February 26, 1973, was when my life changed forever. Metaphorically, The Time Lord came into my life. Not unlike this image. The Lord of Time and Space, Creator of the Universe. Third year of college and I’d never heard anything about religion in my family as I grew. In high school I had learned that I was an existentialist. I found the purveyors of god at my first college to be annoying. Conversations with dorm neighbors in year 3 led me to reading theology. One day the “dinosaur” above came into my dorm room—it was terrifying and I learned that there is more to life than our everyday experience. There is a ‘spiritual’ side of life—not unlike Light. Visible Light is only a portion of the Electromagnetic Spectrum.
The electromagnetic spectrum describes all of the kinds of light, including those the human eye cannot see. In fact, most of the light in the universe is invisible to our eyes. The light we can see, made up of the individual colors of the rainbow, represents only a very small portion of the electromagnetic spectrum.
https://hubblesite.org/contents/articles/the-electromagnetic-spectrum
Humans, in our self-centered nature, want to be able to see infrared images while stuck in Visible light. Some people see this impossibility as being unfair.

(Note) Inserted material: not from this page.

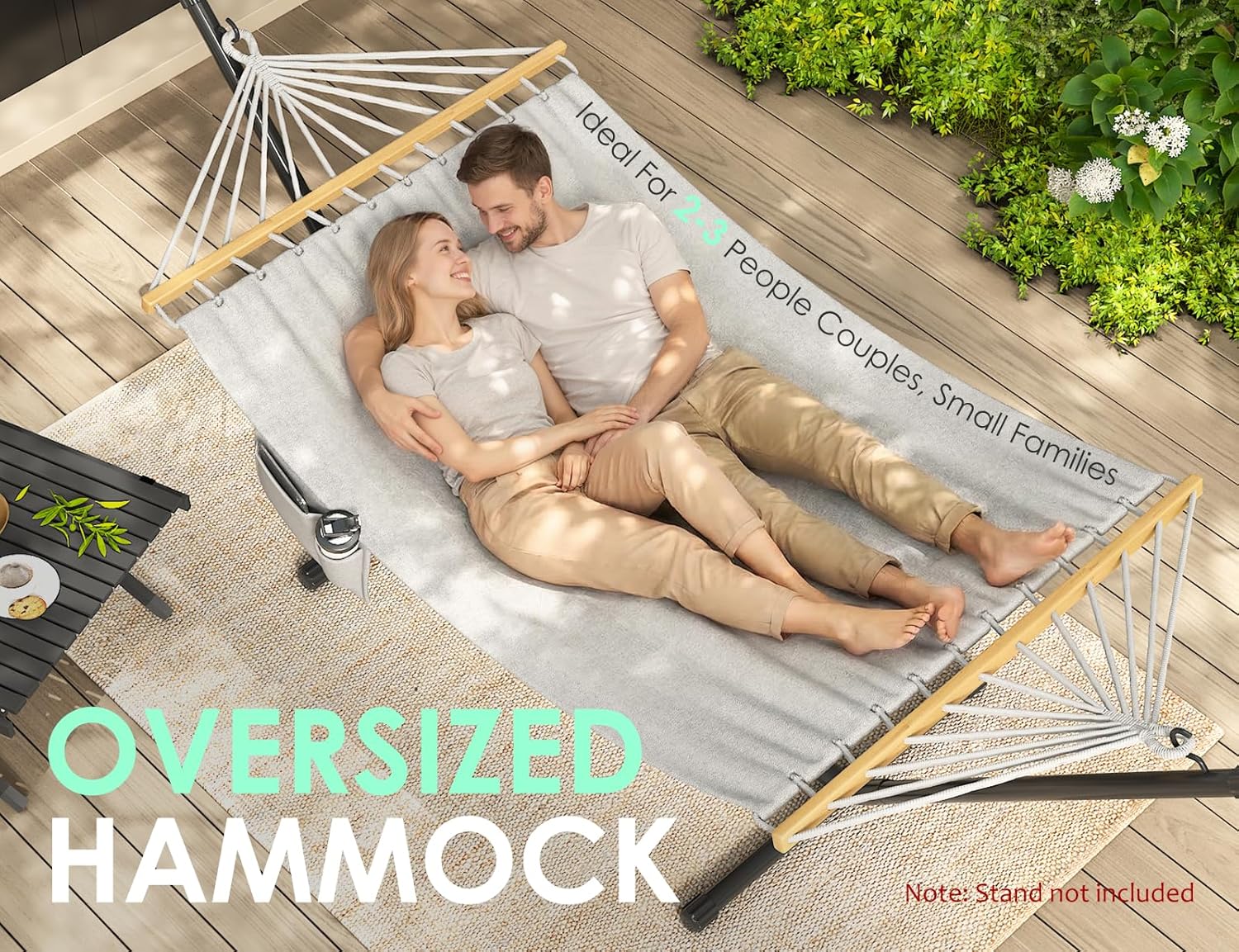 Hammock for Outside, Double Hammocks Without Stand, 2 Person, Spreader Wooden Bar, Side Storage, for Outdoor, Indoor, Patio (Light Grey)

By the end of that school year, I handed my life over to the One who made it. I wasn’t doing a very good job with that life on my own. It would be inaccurate to say that I’ve never regretted the decision; consequences sometimes suck. I stopped feeling lost. I stopped feeling broken. Fifty years later, I can hardly believe we are here again. I was of Middle School age when the President was assassinated. While I was in high school his Attorney General was assassinated, as well as three other Civil Rights leaders. The first thing President Johnson worked on was the Civil Rights Act of 1964. I have trouble believing that there isn’t a connection there. I don’t know if Johnson, a Senator from Texas, was expected to forge a Civil Rights Amendment.
A seemingly unending war that no one really understood. My draft number was in over 300. My second year, our dorm floor had a raffle—the person with the lowest draft number received however much money had been collected. The President we had after Johnson was disliked as much as the orange guy, who also did not concern himself with legality. The FBI and J. Edgar was standing there beside him.
It will be good if humans never leave our Solar System. C.S. Lewis was correct.
I inherently [a permanent, essential, or characteristic way] distrust strangers. Can’t really explain it. I think I’ve been this way all of my life. I sometimes describe myself as asocial rather than anti-social. My entire life has been a continual encounter with an American world that [1] isn’t the product that is sold; [2] Never has been. At least for someone who does not have pink skin. An entire branch of our government that once again is lobbying for the belief that people with brown skin are not the same as pink-skinned people. Lynching by cop, in this period of time.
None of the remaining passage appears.